------ DATA EXCERPTS ------
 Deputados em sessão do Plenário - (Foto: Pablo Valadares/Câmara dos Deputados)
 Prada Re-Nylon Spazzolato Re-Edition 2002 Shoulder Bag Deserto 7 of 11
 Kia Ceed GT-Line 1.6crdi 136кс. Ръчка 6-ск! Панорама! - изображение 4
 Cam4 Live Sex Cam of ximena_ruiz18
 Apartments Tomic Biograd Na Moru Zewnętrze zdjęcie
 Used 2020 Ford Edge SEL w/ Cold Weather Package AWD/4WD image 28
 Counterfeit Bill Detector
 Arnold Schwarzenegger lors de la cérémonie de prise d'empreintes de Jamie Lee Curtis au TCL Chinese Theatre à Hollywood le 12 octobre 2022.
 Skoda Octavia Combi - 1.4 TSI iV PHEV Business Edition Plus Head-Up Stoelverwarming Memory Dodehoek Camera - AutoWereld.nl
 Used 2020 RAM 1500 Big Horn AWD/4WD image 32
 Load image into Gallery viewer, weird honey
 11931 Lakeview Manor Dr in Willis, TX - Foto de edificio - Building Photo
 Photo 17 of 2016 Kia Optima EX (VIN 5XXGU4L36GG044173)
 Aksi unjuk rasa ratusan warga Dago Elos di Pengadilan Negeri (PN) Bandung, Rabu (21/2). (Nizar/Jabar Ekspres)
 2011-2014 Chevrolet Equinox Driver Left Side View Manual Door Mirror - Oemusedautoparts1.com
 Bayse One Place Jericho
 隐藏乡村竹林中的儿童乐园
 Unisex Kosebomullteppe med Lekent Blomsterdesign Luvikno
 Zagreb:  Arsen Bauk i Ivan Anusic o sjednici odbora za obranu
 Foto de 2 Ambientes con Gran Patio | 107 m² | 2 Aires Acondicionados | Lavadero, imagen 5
------
Copy out each line of the data containing the string "Edition".

PROBLEM SOLUTION:
 Prada Re-Nylon Spazzolato Re-Edition 2002 Shoulder Bag Deserto 7 of 11
 Skoda Octavia Combi - 1.4 TSI iV PHEV Business Edition Plus Head-Up Stoelverwarming Memory Dodehoek Camera - AutoWereld.nl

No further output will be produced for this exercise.